Task material Start Marker

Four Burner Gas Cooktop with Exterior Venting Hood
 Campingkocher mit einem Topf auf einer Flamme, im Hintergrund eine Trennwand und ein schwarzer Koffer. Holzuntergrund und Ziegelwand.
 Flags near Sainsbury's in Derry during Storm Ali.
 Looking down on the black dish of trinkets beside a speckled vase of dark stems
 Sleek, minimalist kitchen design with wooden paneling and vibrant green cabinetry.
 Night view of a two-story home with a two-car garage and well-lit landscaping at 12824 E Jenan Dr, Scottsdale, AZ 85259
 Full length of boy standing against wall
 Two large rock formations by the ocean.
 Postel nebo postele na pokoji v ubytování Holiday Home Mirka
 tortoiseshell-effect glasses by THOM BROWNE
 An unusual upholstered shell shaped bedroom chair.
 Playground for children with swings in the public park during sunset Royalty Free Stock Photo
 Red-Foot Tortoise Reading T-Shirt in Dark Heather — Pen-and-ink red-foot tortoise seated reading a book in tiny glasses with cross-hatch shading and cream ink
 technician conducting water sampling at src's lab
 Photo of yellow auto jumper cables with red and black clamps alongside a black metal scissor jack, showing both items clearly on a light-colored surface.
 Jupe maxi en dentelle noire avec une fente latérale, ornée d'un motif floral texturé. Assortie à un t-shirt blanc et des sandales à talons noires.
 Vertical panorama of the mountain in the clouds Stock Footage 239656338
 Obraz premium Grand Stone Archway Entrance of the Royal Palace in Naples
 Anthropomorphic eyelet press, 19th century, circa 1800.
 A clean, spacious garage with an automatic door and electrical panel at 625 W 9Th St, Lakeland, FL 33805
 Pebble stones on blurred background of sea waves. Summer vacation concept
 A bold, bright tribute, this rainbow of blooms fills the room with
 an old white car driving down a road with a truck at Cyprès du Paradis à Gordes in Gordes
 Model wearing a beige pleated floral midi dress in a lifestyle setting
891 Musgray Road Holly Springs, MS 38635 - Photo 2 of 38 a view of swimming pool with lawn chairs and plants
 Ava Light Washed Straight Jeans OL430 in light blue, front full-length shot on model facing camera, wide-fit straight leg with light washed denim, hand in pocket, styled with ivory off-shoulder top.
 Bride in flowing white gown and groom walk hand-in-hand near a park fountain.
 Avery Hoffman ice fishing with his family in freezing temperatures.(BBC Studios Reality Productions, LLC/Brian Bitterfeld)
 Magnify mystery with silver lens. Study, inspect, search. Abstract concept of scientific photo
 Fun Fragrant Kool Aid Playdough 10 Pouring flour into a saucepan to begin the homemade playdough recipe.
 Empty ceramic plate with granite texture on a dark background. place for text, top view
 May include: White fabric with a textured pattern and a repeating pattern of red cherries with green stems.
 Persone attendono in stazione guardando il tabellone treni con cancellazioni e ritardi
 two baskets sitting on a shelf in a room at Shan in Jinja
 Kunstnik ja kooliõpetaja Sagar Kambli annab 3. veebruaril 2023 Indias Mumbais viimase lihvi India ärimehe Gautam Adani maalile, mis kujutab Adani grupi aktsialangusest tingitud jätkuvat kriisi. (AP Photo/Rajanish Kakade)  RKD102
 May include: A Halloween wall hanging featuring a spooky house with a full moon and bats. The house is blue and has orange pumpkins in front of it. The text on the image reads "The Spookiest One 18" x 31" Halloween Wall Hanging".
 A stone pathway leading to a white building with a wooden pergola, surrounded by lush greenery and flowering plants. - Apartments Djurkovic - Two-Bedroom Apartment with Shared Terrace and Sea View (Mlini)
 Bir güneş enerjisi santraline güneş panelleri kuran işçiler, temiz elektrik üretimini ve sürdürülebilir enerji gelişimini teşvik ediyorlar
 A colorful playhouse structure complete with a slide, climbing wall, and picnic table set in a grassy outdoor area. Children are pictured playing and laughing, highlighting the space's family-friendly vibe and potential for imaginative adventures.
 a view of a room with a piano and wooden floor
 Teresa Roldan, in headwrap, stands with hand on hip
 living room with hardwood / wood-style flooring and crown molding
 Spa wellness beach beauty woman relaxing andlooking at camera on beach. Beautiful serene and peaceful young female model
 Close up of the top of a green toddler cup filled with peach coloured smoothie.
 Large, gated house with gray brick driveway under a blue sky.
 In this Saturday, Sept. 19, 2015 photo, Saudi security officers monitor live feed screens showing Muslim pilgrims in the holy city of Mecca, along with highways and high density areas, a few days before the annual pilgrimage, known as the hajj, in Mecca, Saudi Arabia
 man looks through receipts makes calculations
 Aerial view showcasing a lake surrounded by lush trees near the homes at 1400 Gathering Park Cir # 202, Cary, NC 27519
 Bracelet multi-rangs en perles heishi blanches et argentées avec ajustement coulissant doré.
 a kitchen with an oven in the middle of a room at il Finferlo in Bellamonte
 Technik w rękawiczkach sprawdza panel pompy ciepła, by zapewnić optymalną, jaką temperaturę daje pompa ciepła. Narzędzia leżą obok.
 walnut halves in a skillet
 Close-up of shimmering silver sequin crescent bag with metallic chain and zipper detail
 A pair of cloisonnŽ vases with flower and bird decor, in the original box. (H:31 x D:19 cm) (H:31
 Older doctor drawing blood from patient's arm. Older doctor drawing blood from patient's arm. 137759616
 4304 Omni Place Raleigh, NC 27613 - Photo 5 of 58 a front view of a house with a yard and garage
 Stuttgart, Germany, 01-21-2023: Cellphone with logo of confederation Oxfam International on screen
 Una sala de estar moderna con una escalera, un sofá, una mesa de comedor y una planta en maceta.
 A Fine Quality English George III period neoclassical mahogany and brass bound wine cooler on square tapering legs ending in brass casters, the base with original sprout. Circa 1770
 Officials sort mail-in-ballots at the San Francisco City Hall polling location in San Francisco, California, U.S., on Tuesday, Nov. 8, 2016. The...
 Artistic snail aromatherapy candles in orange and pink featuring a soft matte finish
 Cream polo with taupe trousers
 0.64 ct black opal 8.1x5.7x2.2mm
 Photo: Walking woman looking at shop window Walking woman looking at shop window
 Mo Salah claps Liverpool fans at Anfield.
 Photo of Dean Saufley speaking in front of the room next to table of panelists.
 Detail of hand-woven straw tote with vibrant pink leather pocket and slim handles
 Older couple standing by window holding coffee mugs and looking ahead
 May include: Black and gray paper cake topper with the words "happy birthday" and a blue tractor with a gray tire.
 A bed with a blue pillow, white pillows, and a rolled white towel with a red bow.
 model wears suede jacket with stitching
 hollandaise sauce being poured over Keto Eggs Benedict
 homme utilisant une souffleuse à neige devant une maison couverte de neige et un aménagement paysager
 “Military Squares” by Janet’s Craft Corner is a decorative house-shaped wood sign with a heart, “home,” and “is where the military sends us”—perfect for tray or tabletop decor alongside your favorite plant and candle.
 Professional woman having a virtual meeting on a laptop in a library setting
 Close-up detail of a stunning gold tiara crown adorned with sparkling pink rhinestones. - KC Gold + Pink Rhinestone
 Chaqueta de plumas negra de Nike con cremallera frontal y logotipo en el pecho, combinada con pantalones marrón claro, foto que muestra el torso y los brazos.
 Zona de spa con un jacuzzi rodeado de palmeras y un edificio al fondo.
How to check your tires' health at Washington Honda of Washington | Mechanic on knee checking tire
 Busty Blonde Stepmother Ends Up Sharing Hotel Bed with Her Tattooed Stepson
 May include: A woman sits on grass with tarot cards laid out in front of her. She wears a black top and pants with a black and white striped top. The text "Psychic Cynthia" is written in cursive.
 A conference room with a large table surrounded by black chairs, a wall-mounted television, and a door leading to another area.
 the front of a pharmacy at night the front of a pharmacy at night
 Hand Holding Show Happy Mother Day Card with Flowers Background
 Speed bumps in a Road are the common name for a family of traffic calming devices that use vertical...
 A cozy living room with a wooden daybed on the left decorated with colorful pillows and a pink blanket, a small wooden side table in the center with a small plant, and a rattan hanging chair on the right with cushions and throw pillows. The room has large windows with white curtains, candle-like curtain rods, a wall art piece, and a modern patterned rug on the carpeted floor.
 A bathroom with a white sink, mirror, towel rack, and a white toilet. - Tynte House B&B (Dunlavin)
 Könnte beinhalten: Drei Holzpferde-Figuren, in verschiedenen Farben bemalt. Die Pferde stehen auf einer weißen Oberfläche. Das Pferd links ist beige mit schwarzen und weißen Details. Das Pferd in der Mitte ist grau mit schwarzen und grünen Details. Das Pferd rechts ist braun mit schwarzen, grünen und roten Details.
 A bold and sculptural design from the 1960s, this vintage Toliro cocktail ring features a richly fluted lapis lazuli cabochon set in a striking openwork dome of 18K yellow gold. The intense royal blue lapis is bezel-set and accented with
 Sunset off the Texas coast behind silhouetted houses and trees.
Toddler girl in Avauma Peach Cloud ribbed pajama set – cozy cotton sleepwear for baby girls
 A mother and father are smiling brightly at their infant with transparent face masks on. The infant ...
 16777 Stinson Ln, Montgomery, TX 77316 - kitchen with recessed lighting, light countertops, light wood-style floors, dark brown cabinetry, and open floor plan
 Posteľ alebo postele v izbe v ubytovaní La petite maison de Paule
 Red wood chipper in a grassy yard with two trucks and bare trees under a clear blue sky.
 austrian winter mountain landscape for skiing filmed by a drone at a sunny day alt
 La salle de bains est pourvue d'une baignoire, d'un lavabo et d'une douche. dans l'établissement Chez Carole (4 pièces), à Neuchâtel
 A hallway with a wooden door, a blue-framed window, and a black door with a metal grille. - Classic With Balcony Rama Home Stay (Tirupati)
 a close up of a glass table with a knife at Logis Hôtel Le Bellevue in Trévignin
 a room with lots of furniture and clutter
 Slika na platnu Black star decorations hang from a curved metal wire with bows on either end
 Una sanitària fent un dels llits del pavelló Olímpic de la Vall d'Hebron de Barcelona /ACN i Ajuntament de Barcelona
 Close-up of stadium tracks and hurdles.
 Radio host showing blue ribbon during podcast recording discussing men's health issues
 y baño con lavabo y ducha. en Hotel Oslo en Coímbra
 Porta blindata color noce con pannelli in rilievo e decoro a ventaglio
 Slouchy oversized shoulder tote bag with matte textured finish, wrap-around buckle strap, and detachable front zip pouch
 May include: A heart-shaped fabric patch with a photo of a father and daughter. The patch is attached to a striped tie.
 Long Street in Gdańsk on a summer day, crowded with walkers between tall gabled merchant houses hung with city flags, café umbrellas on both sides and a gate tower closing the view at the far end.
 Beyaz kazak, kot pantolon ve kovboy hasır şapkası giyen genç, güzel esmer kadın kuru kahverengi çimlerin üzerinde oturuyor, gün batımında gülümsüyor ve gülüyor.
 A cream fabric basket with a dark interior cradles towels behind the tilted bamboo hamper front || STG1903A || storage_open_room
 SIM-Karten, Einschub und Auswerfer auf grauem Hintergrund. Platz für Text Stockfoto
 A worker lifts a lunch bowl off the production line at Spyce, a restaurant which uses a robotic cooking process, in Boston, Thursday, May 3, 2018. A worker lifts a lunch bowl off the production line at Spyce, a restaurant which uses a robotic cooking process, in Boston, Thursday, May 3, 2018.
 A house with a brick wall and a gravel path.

Task material End Marker

Assignment: Of the lines in the data, report each one containing the string "crown".

Completed exercise:
 living room with hardwood / wood-style flooring and crown molding
 Close-up detail of a stunning gold tiara crown adorned with sparkling pink rhinestones. - KC Gold + Pink Rhinestone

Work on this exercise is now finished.